* [PATCH] drm: Explicitly compute the last cacheline for clflush on range
@ 2015-10-16 19:55 Chris Wilson
2015-10-17 20:03 ` Imre Deak
0 siblings, 1 reply; 6+ messages in thread
From: Chris Wilson @ 2015-10-16 19:55 UTC (permalink / raw)
To: intel-gfx; +Cc: Daniel Vetter, dri-devel
Fixes regression from
commit afcd950cafea6e27b739fe7772cbbeed37d05b8b
Author: Chris Wilson <chris@chris-wilson.co.uk>
Date: Wed Jun 10 15:58:01 2015 +0100
drm: Avoid the double clflush on the last cache line in drm_clflush_virt_range()

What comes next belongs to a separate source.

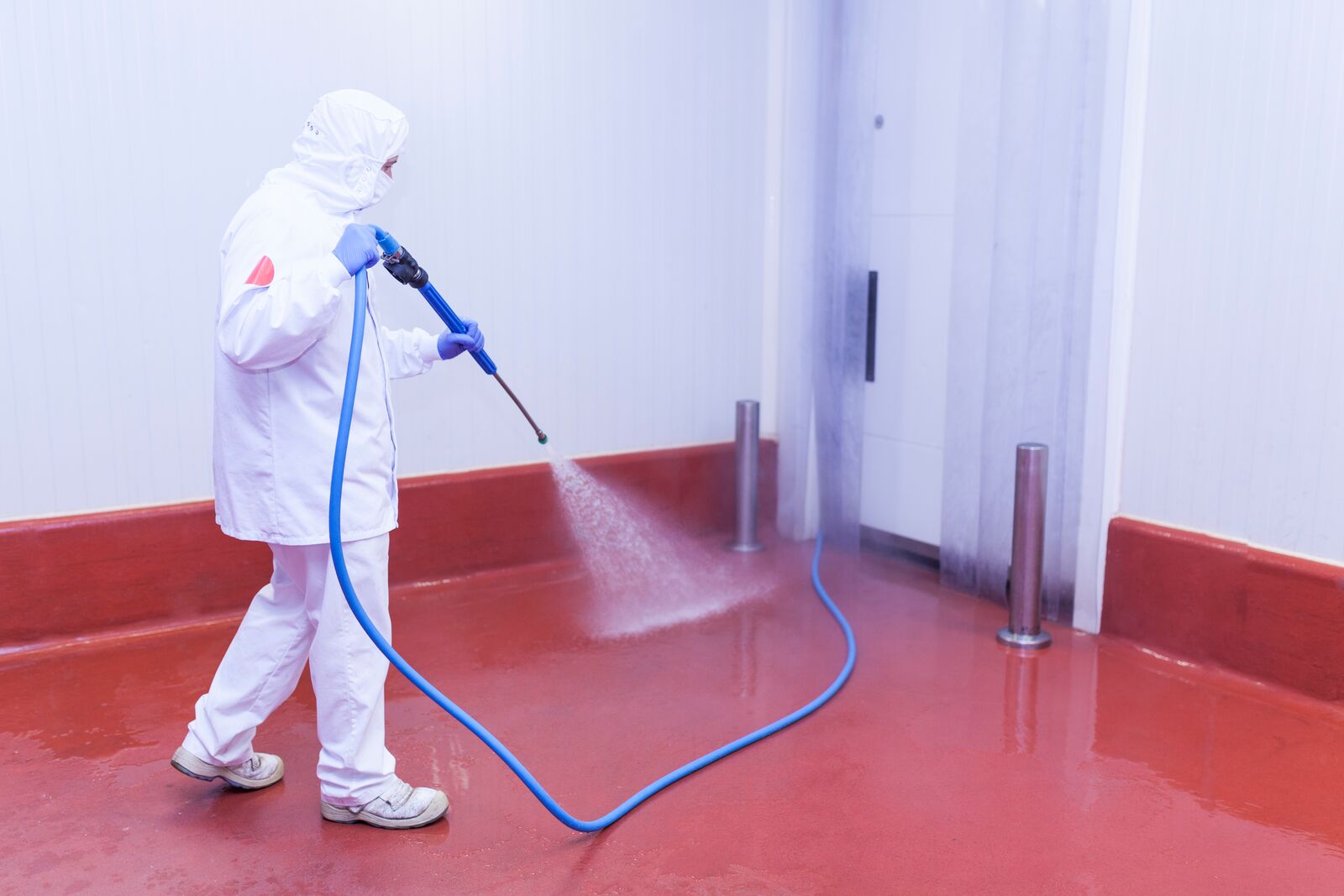 Worker Cleaning  Floor in Food Plant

I'm stumped. Looking at the loop we should be iterating over every cache
line until we reach the start of the cacheline after the end of the
virtual range. Evidence says otherwise.
More bizarely, I stored the last address to be clflushed and found it to
be equal to the start of the cacheline containing the last byte. Doubly
purplexed.
Bugzilla: https://bugs.freedesktop.org/show_bug.cgi?id=92501
Testcase: gem_tiled_partial_pwrite_pread/reads
Signed-off-by: Chris Wilson <chris@chris-wilson.co.uk>
Cc: Imre Deak <imre.deak@intel.com>
Cc: Daniel Vetter <daniel.vetter@ffwll.ch>
---
drivers/gpu/drm/drm_cache.c | 9 ++++++---
1 file changed, 6 insertions(+), 3 deletions(-)

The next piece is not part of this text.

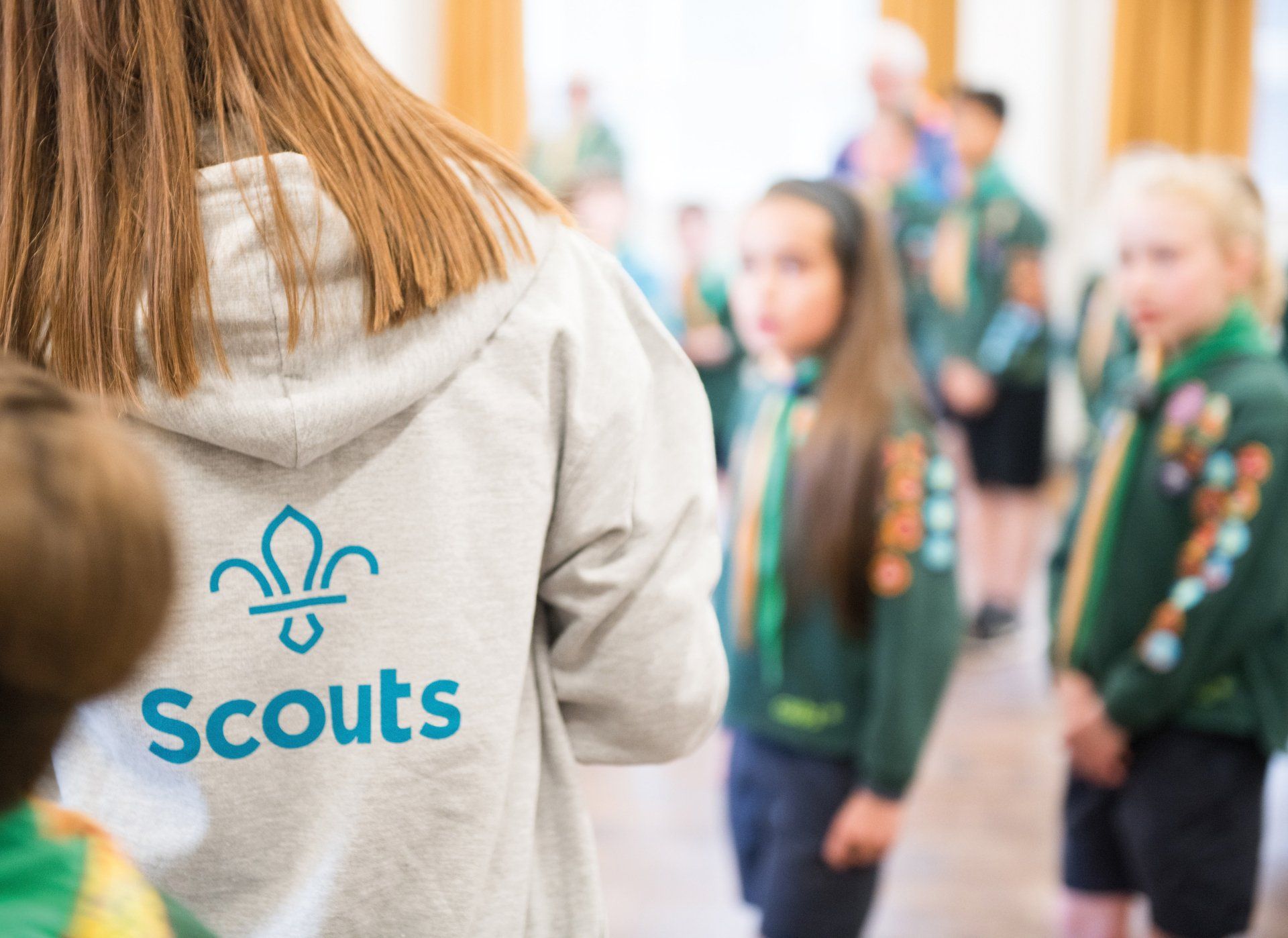 A girl is wearing a sweatshirt with the word scouts on it.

diff --git a/drivers/gpu/drm/drm_cache.c b/drivers/gpu/drm/drm_cache.c
index 6743ff7dccfa..7c909bc8b68a 100644
--- a/drivers/gpu/drm/drm_cache.c
+++ b/drivers/gpu/drm/drm_cache.c
@@ -131,10 +131,13 @@ drm_clflush_virt_range(void *addr, unsigned long length)
#if defined(CONFIG_X86)
if (cpu_has_clflush) {
const int size = boot_cpu_data.x86_clflush_size;
- void *end = addr + length;
- addr = (void *)(((unsigned long)addr) & -size);
+ void *end;
+
+ end = (void *)(((unsigned long)addr + length - 1) & -size);
+ addr = (void *)((unsigned long)addr & -size);
+
mb();
- for (; addr < end; addr += size)
+ for (; addr <= end; addr += size)
clflushopt(addr);
mb();
return;
--
2.6.1
_______________________________________________
Intel-gfx mailing list
Intel-gfx@lists.freedesktop.org
http://lists.freedesktop.org/mailman/listinfo/intel-gfx
^ permalink raw reply related [flat|nested] 6+ messages in thread
* Re: [PATCH] drm: Explicitly compute the last cacheline for clflush on range
2015-10-16 19:55 [PATCH] drm: Explicitly compute the last cacheline for clflush on range Chris Wilson
@ 2015-10-17 20:03 ` Imre Deak
2015-10-18 12:28 ` Chris Wilson
0 siblings, 1 reply; 6+ messages in thread
From: Imre Deak @ 2015-10-17 20:03 UTC (permalink / raw)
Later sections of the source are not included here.